Truth-Telling: Frances Willard and Ida B. Wells

Introduction

“The colored race multiplies like the locusts of Egypt. The grog shop is its centre of power. The safety of women, of childhood, of the home, is menaced in a thousand localities at this moment, so that men dare not go beyond the sight of their own roof-tree.”

The temperance leader Frances Willard spoke these words in an interview with the New York newspaper The Voice in October 1890. Many white Americans held racist beliefs in the late 1800s. But Willard had gained fame as a forward-thinking social reformer. As president of the influential Woman’s Christian Temperance Union (WCTU), she championed women’s suffrage, girls’ schooling, and prison reform as well as alcohol prohibition.

Black journalist and teacher Ida B. Wells took notice of Willard’s interview in the fall of 1890. After a white mob murdered one of her close friends in Memphis in 1892, Wells launched an ambitious campaign against lynching in the South. She publicly criticized Willard and other white moral reformers who failed to take a stand against the violence.

In 1894, Wells brought a copy of Willard’s original interview with her on a speaking tour in England and had it republished by a London newspaper. She called Willard an “apologist” for lynching. She also accused Willard of pandering to racism in order to attract white Southern women to the WCTU—at the expense of the organization’s black members.

Wells’s arrow hit its mark. Willard, who was also in England for a temperance convention, reacted defensively. She and her supporters saw the criticism as an attack on her character. Willard had “not an atom of race prejudice,” she insisted. Her parents had been devoted abolitionists. How could anyone call her a racist?

The two activists and their allies traded barbs for months, and the conflict attracted coverage in both British and American newspapers. Under Willard’s leadership, the WCTU eventually passed resolutions opposing lynching. But Willard’s behavior complicates her legacy. Until now, though, this story has never before been told at the museum dedicated to her life.

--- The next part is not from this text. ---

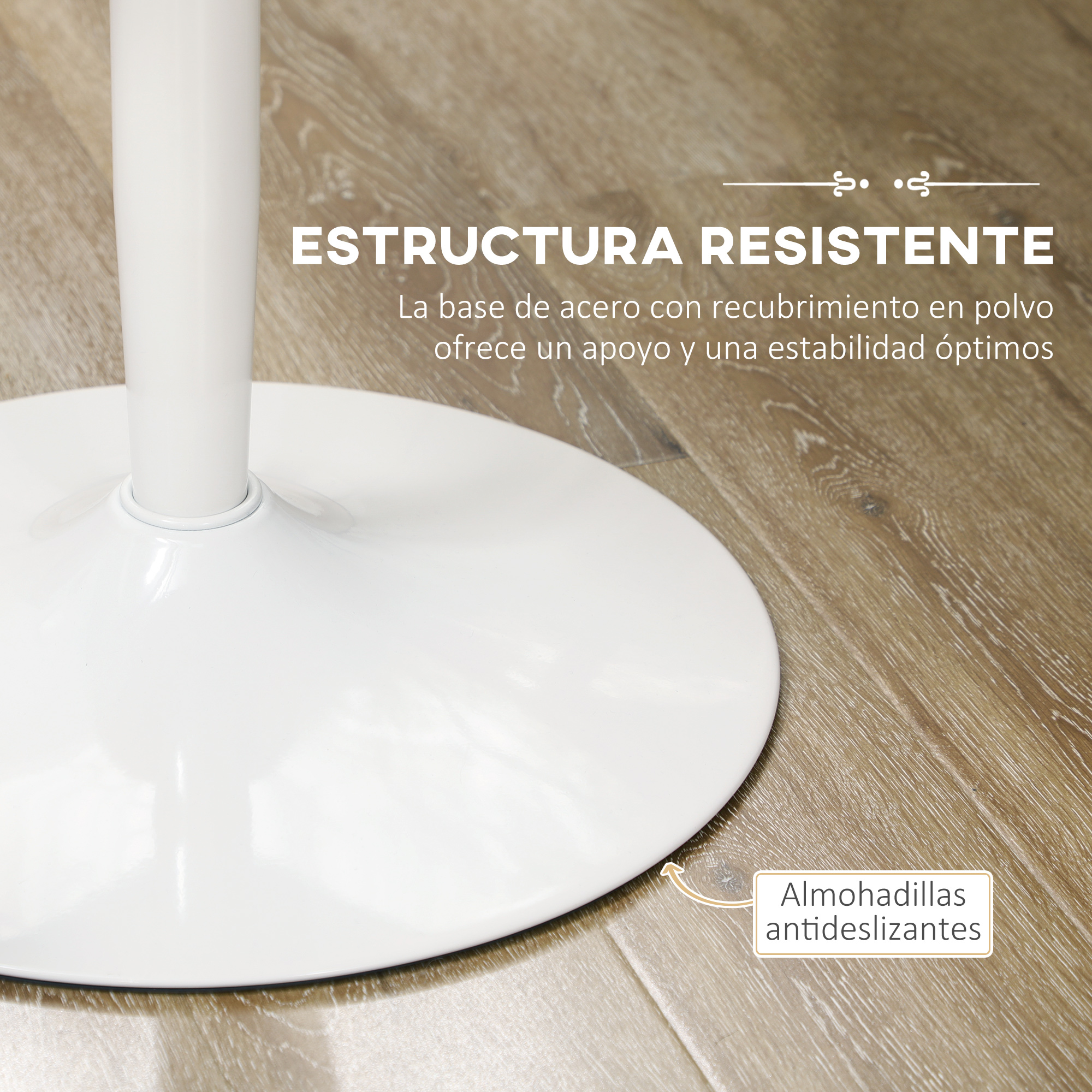 Una base de mesa blanca con base circular descansa sobre un suelo tipo madera. El texto dice 'Estructura resistente' y 'Almohadillas antideslizantes'.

This documentary website, Truth-Telling: Frances Willard, Ida B. Wells, and Lynching, seeks to repair the damage done by that silence. Willard’s failure of leadership on this issue matters to her story. Of course, she was not the only white public figure to make racist statements in the 1890s. Nor was she the only reformer to do so—many of the suffrage movement’s most prominent leaders also expressed racist beliefs.

But Willard’s reputation and achievements as a reformer mean that this story warrants attention now, just as it did in the 1890s. In trying to build a truly national organization only two decades after the Civil War, Willard compromised with white women’s racism. How and why that happened can help us understand the larger story of racism in American women’s movements—and American history in general.